> TASK GOAL
Reproduce every line below exactly as written; do not include the images.

> RECORD SET

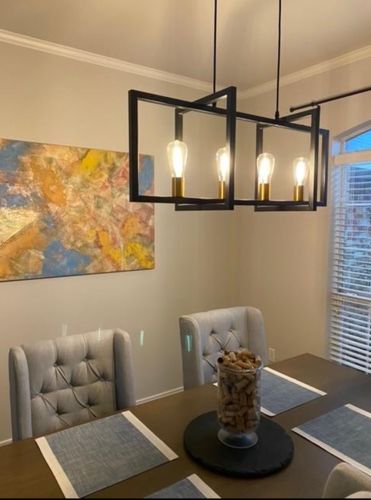 Customer photo review of Mid-Century Black 4 / 6 Light Rectangle Chandelier
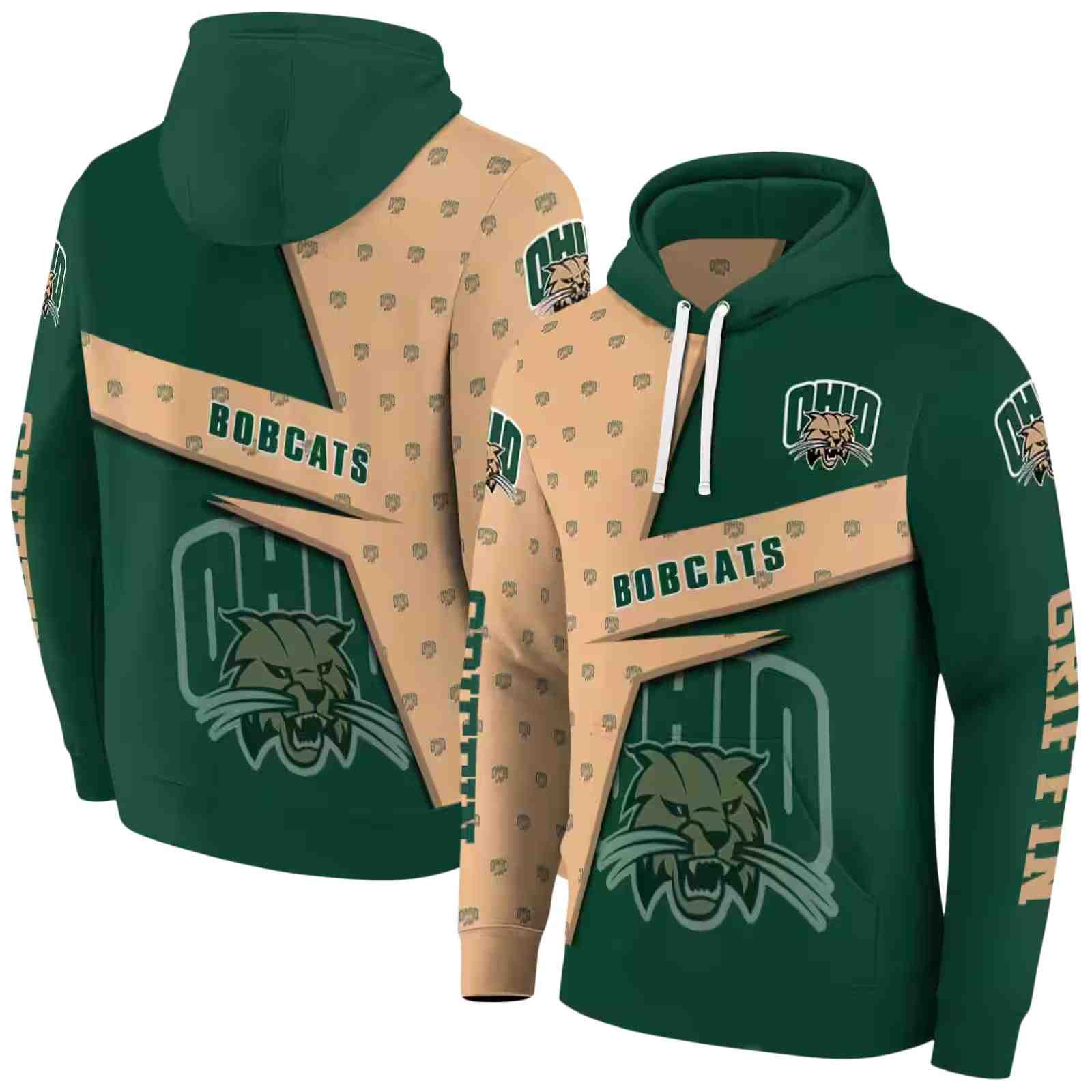 custom ohio bobcats abstract shape green hoodie fashion forward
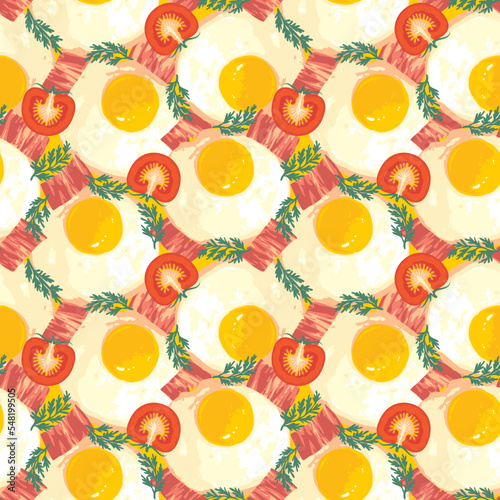Appetizing seamless pattern with fried eggs, delicious bacon, dill and tomato. Vector background with tasty eggs for breakfast on an emerald backdrop. Suitable for wallpaper, wrapping paper, fabric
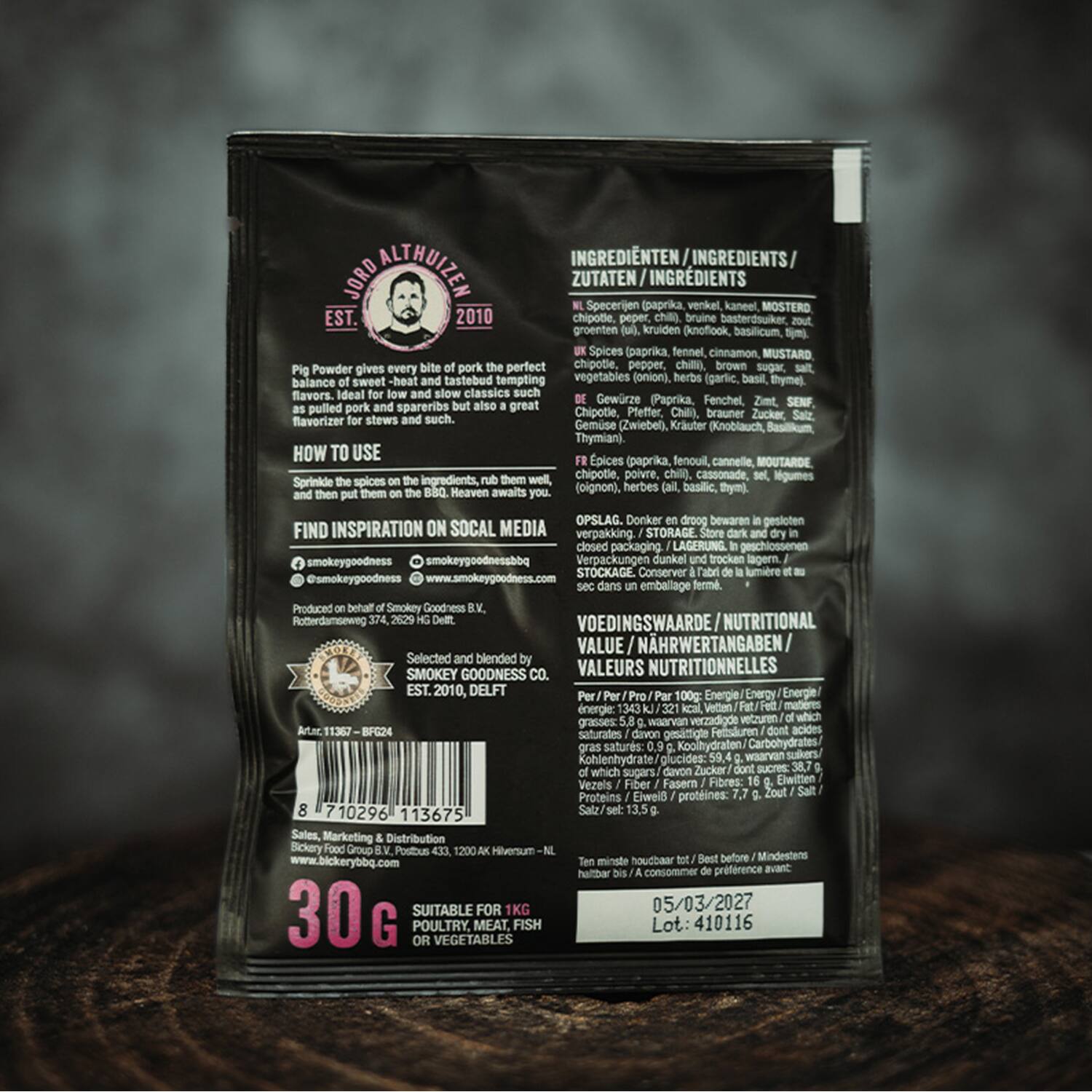 Smokey Goodness barbecuerub Pig Powder 16x30g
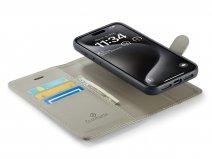 CaseMania 2in1 Magnetic Bookcase Titan Grey - iPhone 16 Pro Max Hoesje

> FINAL ANSWER
 Customer photo review of Mid-Century Black 4 / 6 Light Rectangle Chandelier
 custom ohio bobcats abstract shape green hoodie fashion forward
Appetizing seamless pattern with fried eggs, delicious bacon, dill and tomato. Vector background with tasty eggs for breakfast on an emerald backdrop. Suitable for wallpaper, wrapping paper, fabric
 Smokey Goodness barbecuerub Pig Powder 16x30g
 CaseMania 2in1 Magnetic Bookcase Titan Grey - iPhone 16 Pro Max Hoesje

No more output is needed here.